Re: [PERFORM] Why the planner is not using the INDEX .

2005-07-05 Thread Bruno Wolff III
On Mon, Jul 04, 2005 at 20:29:50 -0400,
  David Gagnon <[EMAIL PROTECTED]> wrote:
> Thanks .. I miss that FK don't create indexed ...  since Primary key 
> implicitly does ...
> 
> I'm a bit surprised of that behavior thought, since it means that if we 
> delete a row from table A all tables (B,C,D) with FK pointing to this 
> table (A) must be scanned. 

But in some applications you don't ever do that, so you don't save
anything by having the index for deletes but have to pay the cost to
update it when modifying the referencing table.

If you think an index will help in your case, just create one.

---(end of broadcast)---
TIP 7: don't forget to increase your free space map settings


Re: [PERFORM] Why the planner is not using the INDEX .

2005-07-05 Thread Stephan Szabo
On Mon, 4 Jul 2005, David Gagnon wrote:

> Thanks .. I miss that FK don't create indexed ...  since Primary key
> implicitly does ...
>
> I'm a bit surprised of that behavior thought, since it means that if we
> delete a row from table A all tables (B,C,D) with FK pointing to this
> table (A) must be scanned.
> If there is no index on those tables it means we gone do all Sequantial
> scans.
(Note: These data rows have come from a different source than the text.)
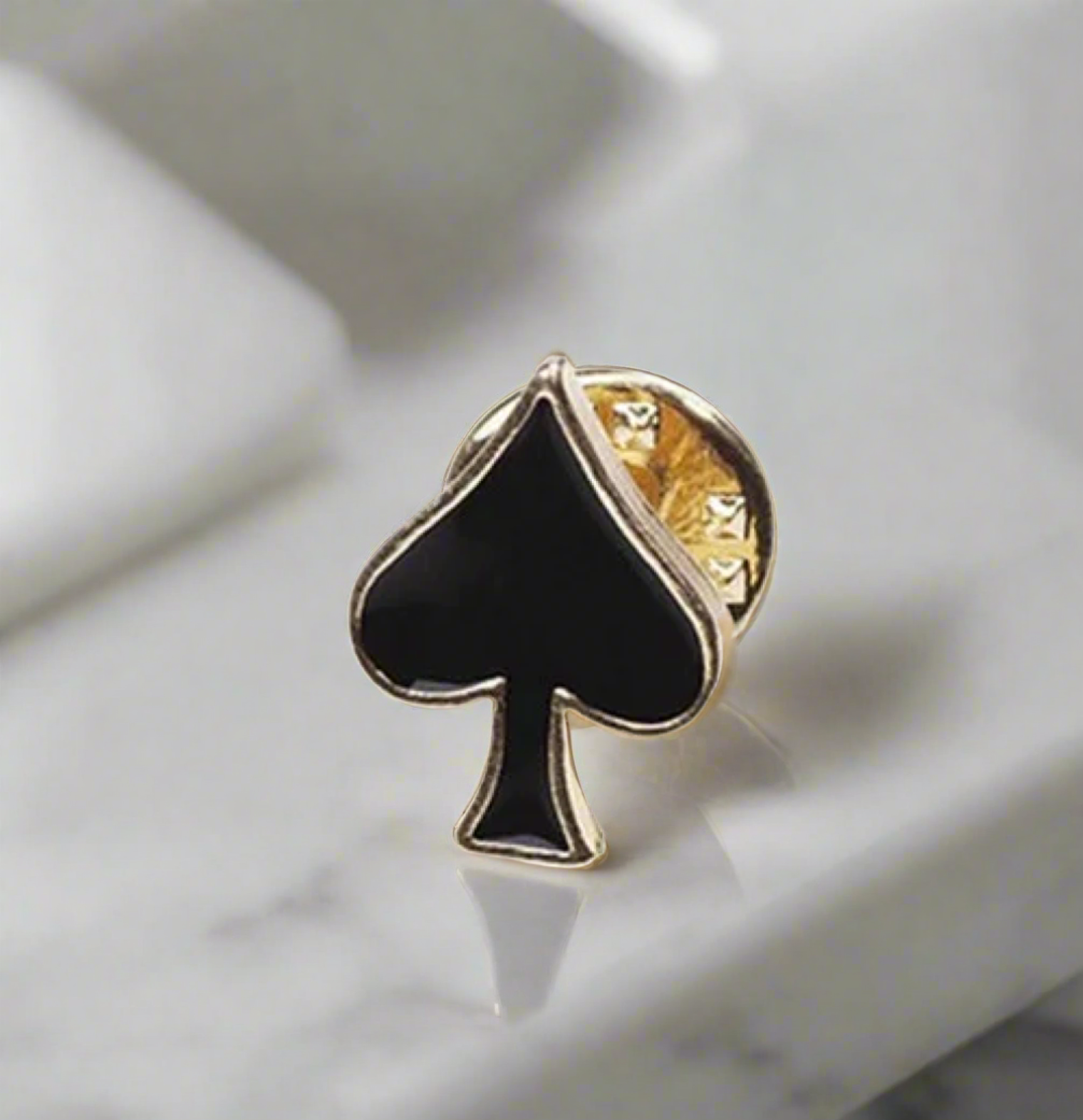 Heart lapel pin against a white dress shirt, showcasing elegance.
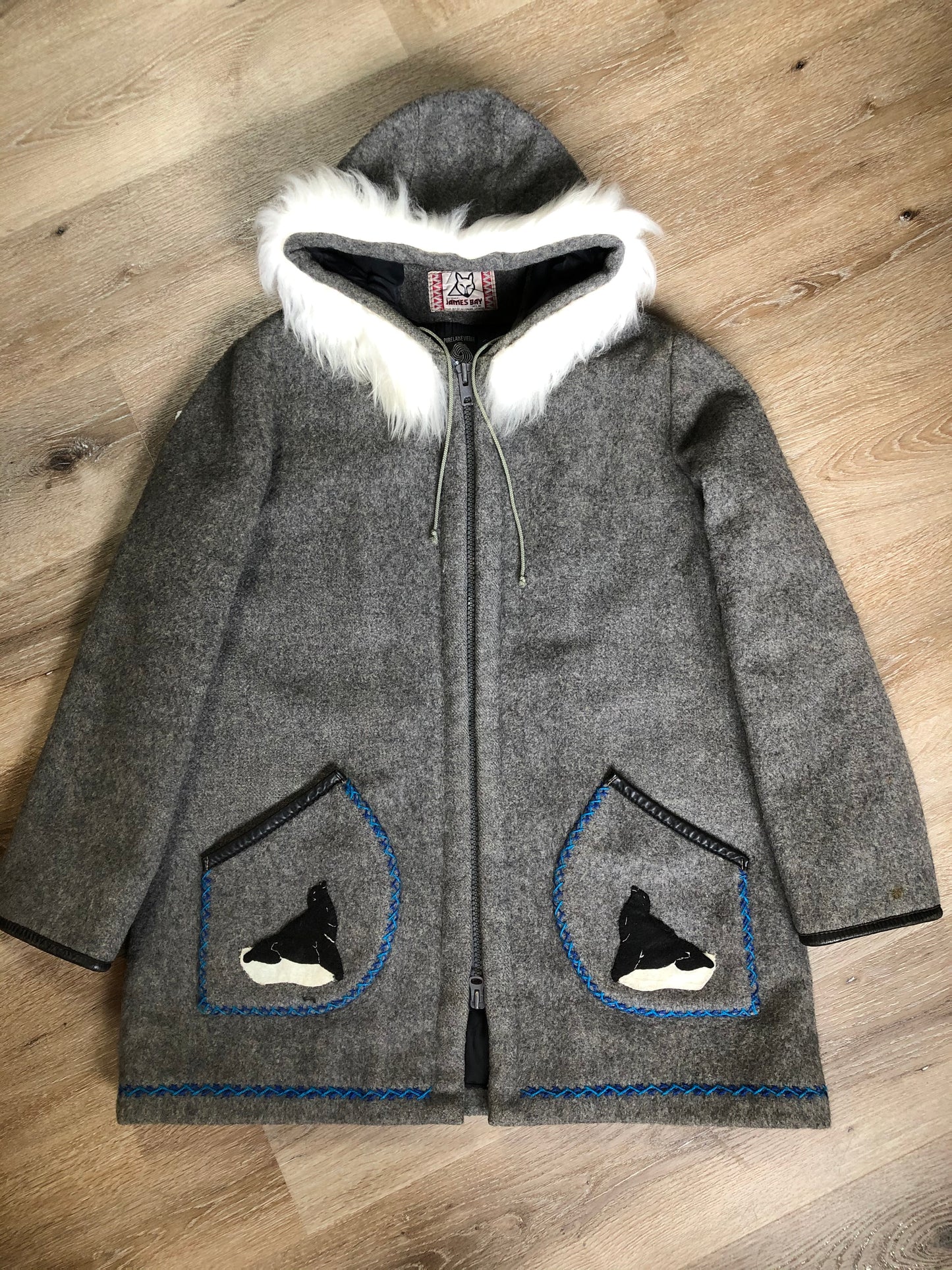 Kingspier Vintage - James Bay pure virgin wool northern parka in grey. This parka features a hood with white faux fur trim, zipper closure, quilted lining, knit inside hidden cuffs, hand stitched detail around the patch pockets and hem, felt seal appliqués in the front and a lovely arctic landscape on the back. Made in Canada.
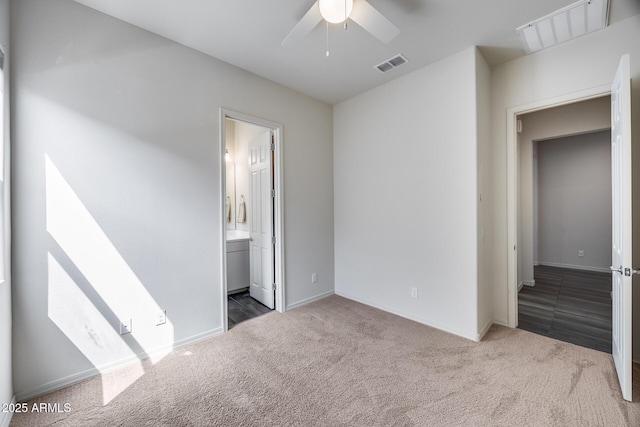 unfurnished bedroom with visible vents, connected bathroom, baseboards, carpet floors, and a ceiling fan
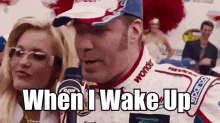 a race car driver is talking into a microphone with the words when i wake up below him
Than can cause significant performance problem!!!.
>
> Is there a reason why implicit index aren't created when FK are
> declared.  I looked into the documentation and I haven't found a way to

The reason is that it's not always useful to have an index for that
purpose.  You could either have low selectivity (in which case the index
wouldn't be used) or low/batch changes to the referenced table (in which
case the cost of maintaining the index may be greater than the value of
having the index) or other such cases.  In primary key and unique, we
currently have no choice but to make an index because that's how the
constraint is currently implemented.

> tell postgresql to automatically create an index when creating la FK.
> Does it means I need to manage it EXPLICITLY with create index statement
> ?

Yeah.

>Is there another way ?

Not that I can think of without changing the source.

---(end of broadcast)---
TIP 6: Have you searched our list archives?

   http://archives.postgresql.org


Re: [PERFORM] Why the planner is not using the INDEX .

2005-07-05 Thread Tom Lane
David Gagnon <[EMAIL PROTECTED]> writes:
>  explain analyse SELECT IRNUM FROM IR
> INNER JOIN IT ON  IT.ITIRNUM = ANY ('{1000, 2000}') AND 
> IT.ITYPNUM = 'M' AND IR.IRYPNUM = IT.ITYPNUM AND IR.IRNUM = IT.ITIRNUM 
> WHERE IRNUM = ANY ('{1000, 2000}') and IRYPNUM = 'M'

Those =ANY constructs are not currently optimizable at all.  You might
get better results with "IT.ITIRNUM IN (1000, 2000)" etc.

regards, tom lane

---(end of broadcast)---
TIP 9: In versions below 8.0, the planner will ignore your desire to
   choose an index scan if your joining column's datatypes do not
   match


[PERFORM] Heavy virtual memory usage on production system

2005-07-05 Thread Alexander Stanier
We are having terrible performance issues with a production instance of 
PostgreSQL version 7.4.5, but are struggling with which parameters in 
the postgresql.conf to change.


Our database server is an Apple G5 (2 x 2GHz CPU, 2GB RAM). The 
operating system is Mac OS X 10.3.


The database seems to fine to start with, but then as the load increases 
it seems to reach a threshold where the number of non-idle queries in 
pg_stat_activity grows heavily and we appear to get something similar to 
a motorway tail back with up to perhaps 140 queries awaiting processing. 
At the same time the virtual memory usage (reported by the OS) appears 
to grow heavily too (sometimes up to 50GB). The CPUs do not seems to be 
working overly hard nor do the disks and the memory monitor reports 
about 600MB of inactive memory. Once in this situation, the database 
never catches up with itself and the only way to put it back on an even 
keel is to stop the application and restart database.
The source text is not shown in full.